■ **EXERCISE BRIEF**
Below is a listing; repeat exactly the lines from the one containing "What Is Hyperkeratosis Dog Paw Diy Seattle" to the one containing "O TUCANO N°7 - 2021", both included.

++++ LISTED ENTRIES ++++

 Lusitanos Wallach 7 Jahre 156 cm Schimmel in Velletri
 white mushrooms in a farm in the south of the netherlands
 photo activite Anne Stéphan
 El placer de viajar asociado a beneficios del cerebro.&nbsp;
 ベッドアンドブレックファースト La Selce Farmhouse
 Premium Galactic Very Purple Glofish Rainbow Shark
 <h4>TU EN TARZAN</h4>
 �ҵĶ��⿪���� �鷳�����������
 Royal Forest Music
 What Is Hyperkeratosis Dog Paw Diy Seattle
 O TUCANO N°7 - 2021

++++
++++ LISTED ENTRIES ++++

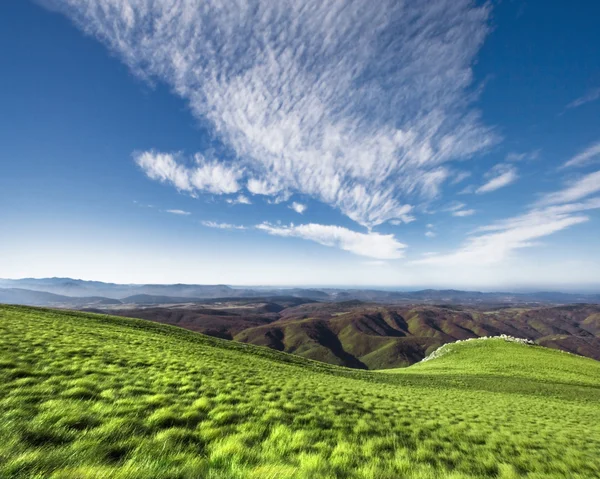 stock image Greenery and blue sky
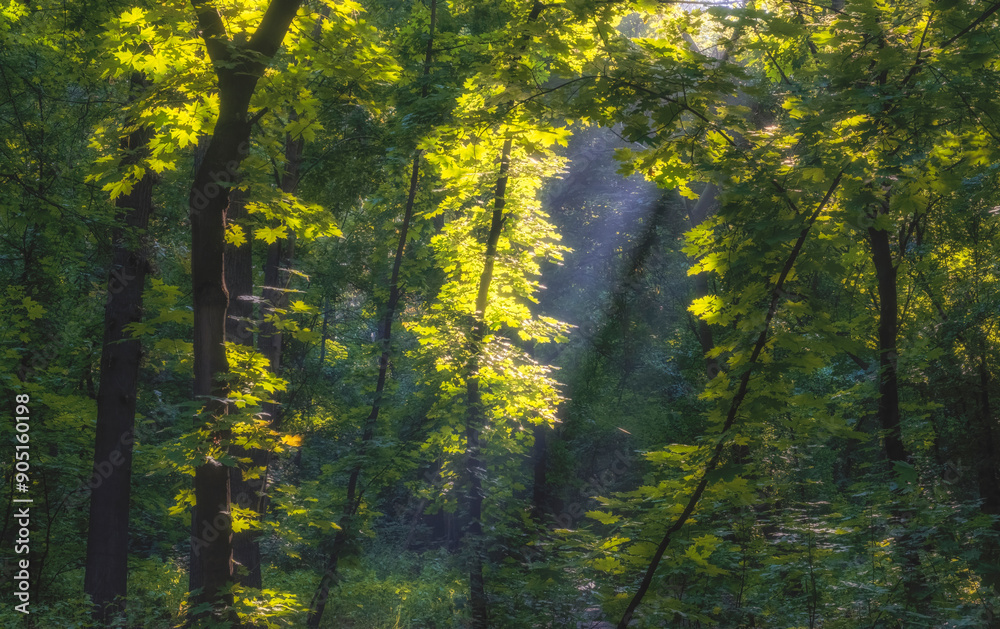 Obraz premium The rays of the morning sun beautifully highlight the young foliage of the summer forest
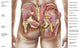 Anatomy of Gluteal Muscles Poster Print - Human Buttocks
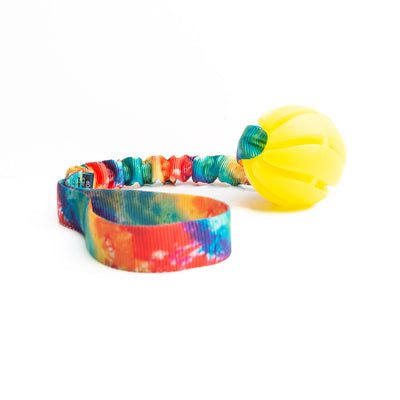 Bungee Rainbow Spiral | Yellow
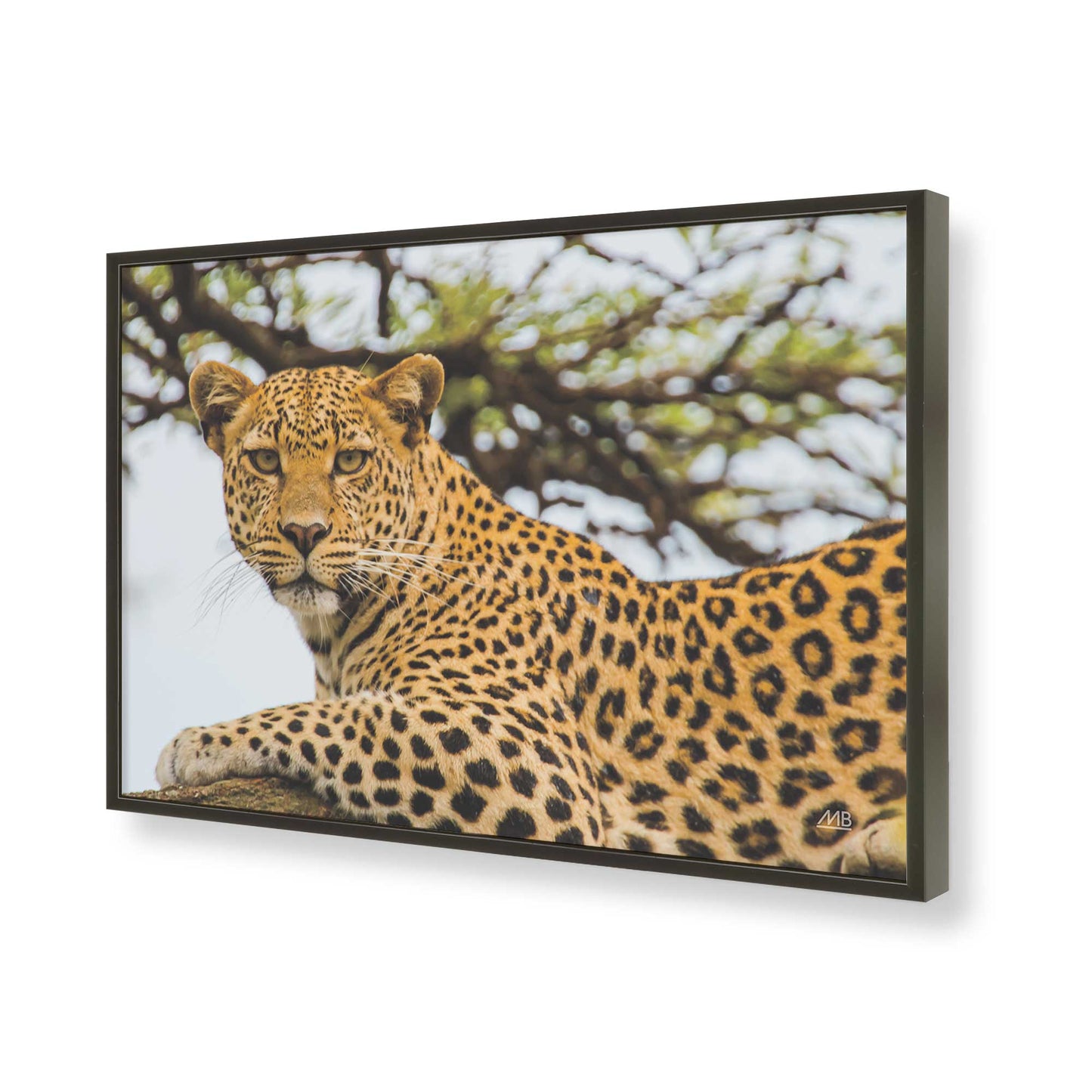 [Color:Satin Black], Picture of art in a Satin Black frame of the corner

++++
++++ LISTED ENTRIES ++++

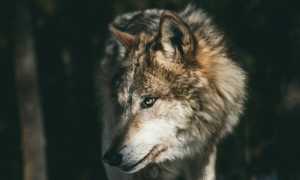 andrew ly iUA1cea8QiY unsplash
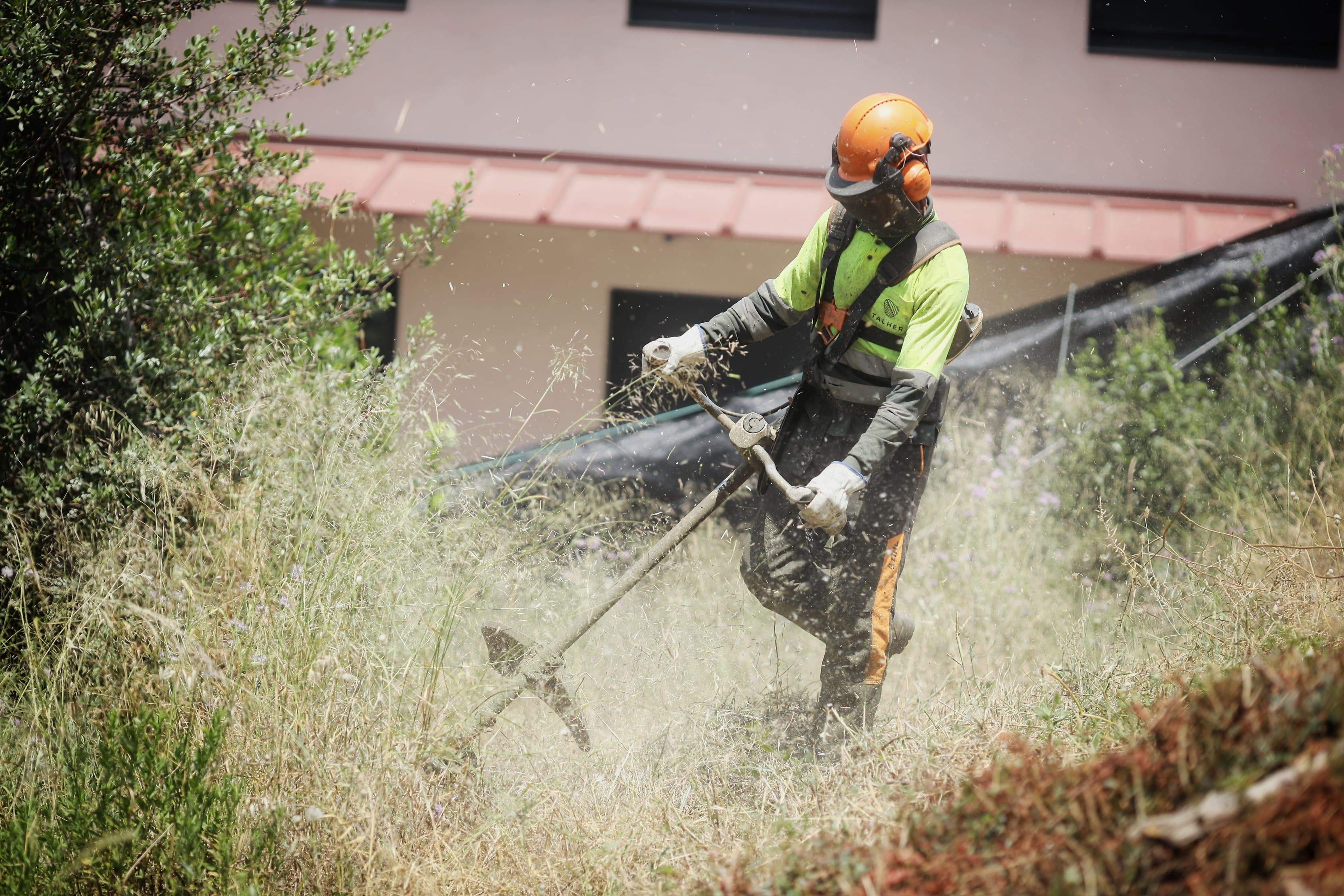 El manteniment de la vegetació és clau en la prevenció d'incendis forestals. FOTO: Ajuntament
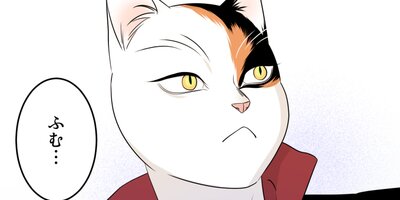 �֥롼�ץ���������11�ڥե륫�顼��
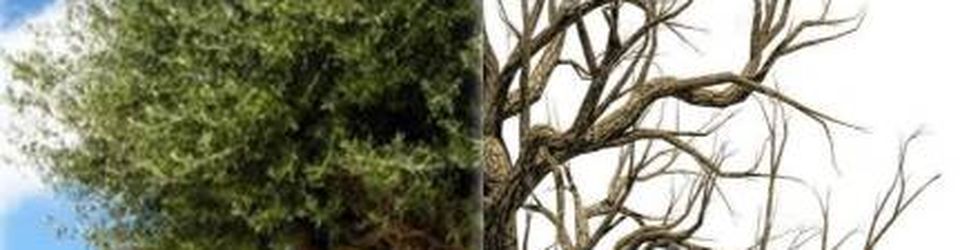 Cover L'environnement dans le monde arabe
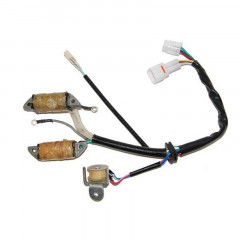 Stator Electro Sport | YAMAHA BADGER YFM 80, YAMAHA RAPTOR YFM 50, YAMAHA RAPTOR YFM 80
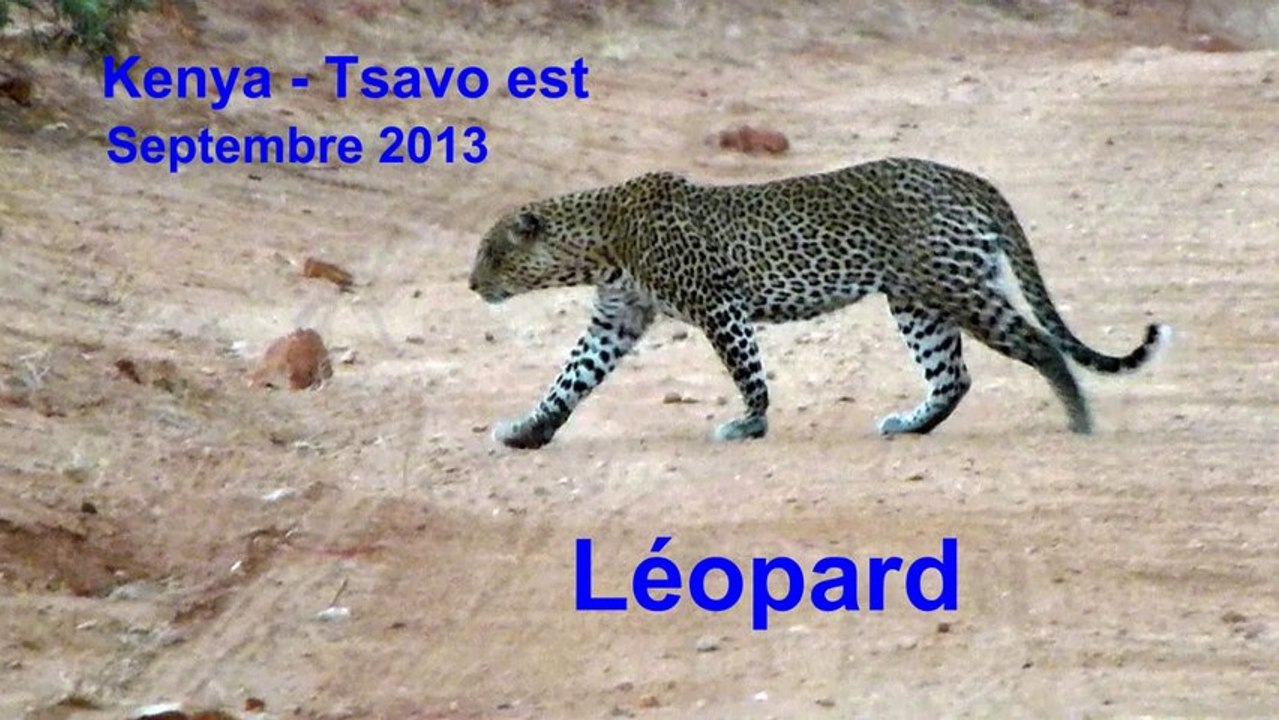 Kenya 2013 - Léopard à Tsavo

++++

■ **SOLUTION TO THIS EXERCISE**
 What Is Hyperkeratosis Dog Paw Diy Seattle
 O TUCANO N°7 - 2021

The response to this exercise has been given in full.